Maureen Ann Collins (born July 7, 1965) is an American actress and comedian who was a member of the ensemble on FOX's sketch comedy series Mad TV. Collins became well known for several characters during her tenure on the show. 

She was a cast member from the 4th season (1998) through the 9th season (2004); she only appeared in fourteen episodes during season nine due to contractual reasons. She returned to Mad TV in the 10th season for one episode, and again when she made an appearance on the 300th episode doing her popular character Lorraine Swanson. Her best known role following her departure from Mad TV was as morning talk show host Joan Callamezzo on the sitcom Parks and Recreation.

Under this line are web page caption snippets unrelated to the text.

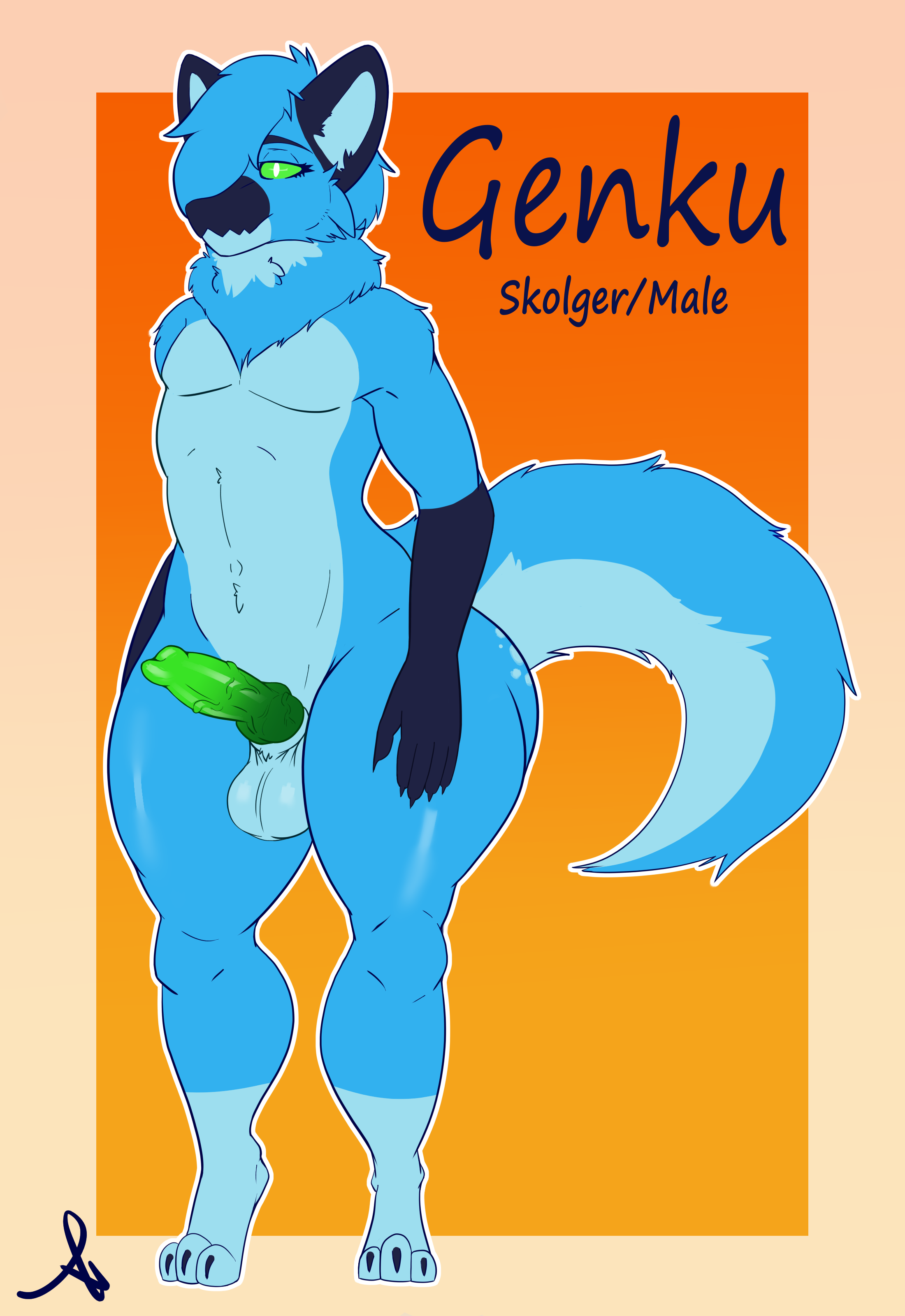 Genku (Genku) Rule 34 Image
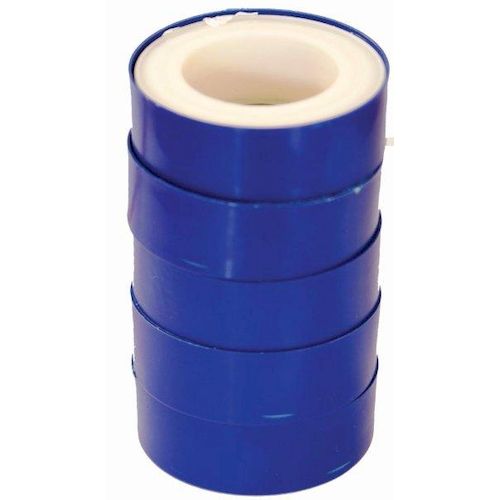 Ptfe tape 12mmx0.075mmx10m x 5 rolls(PTFE12-5)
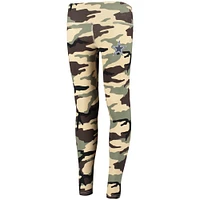 Girls Youth Camo Dallas Cowboys Left Right Leggings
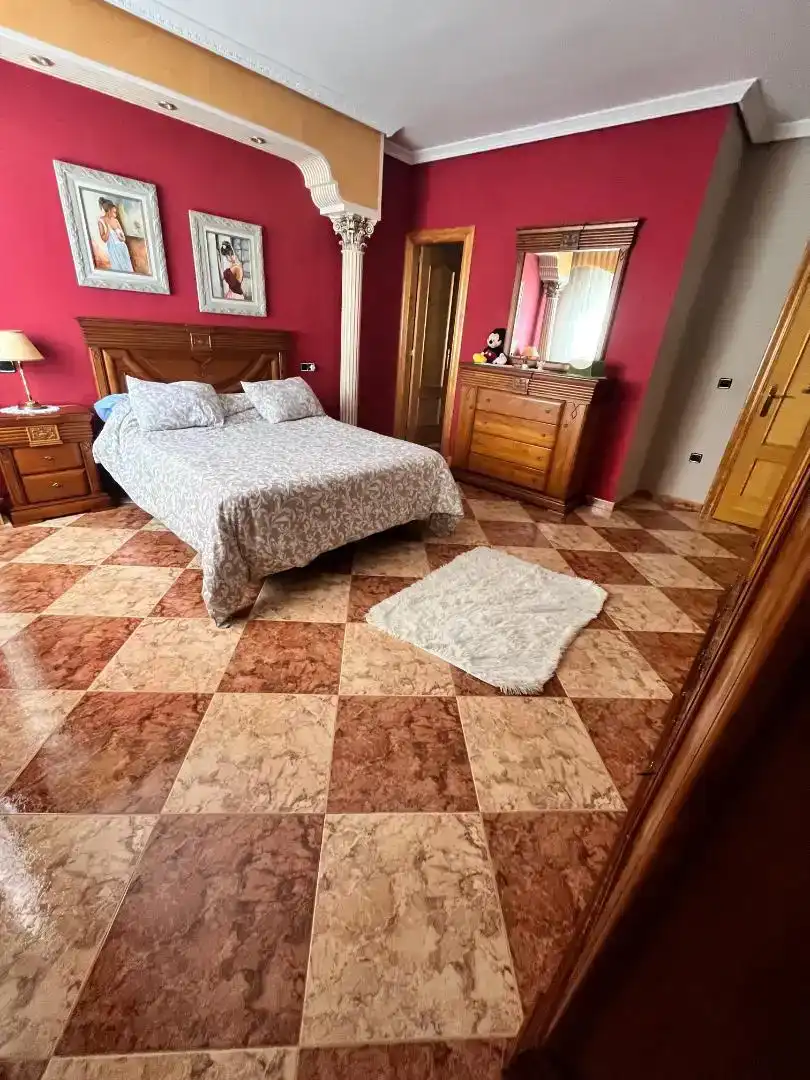Dormitori de Casa o xalet en venda en Villarta amb Aire condicionat, Traster i Moblat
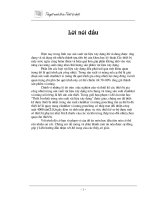 Tiểu luận thiết kế thiết bị nhiệt trong sản xuất clanhker xi măng pooclăng có tháp trao đổi nhiệt công suất 4000 tấn clk một ngày đêm 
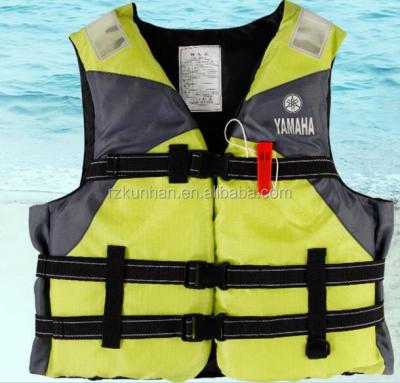 China Hot Selling Yamaha Kayak XL Life Vest Hot Sale Swimming Neoprene Life Vest for sale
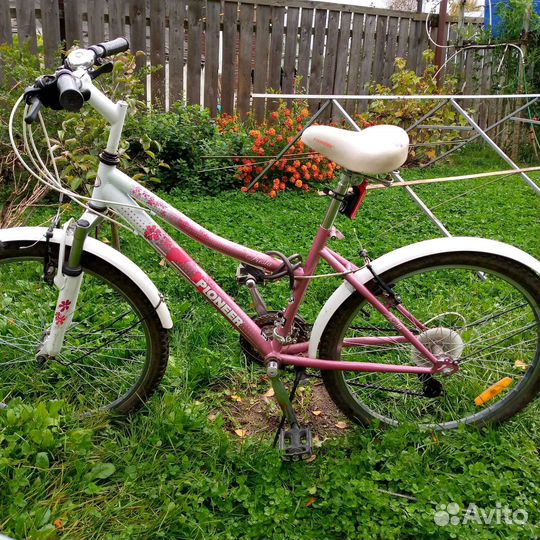 Велосипед подростковый для девочки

The nickname Mo was first given to Collins by the football/drama coach of her junior high school whom she credits with introducing her to improv comedy.

Career

Mad TV
Collins joined the cast of Mad TV at the beginning of season four and stayed until the end of season nine, though only appeared in 14 episodes during the ninth season. Her popular stint on the show led her to come back to guest star in 2005 during Season 10, in 2007 during the 300th episode on season 13, the final episode of season 14 in 2009 and the 20th anniversary reunion special in 2016.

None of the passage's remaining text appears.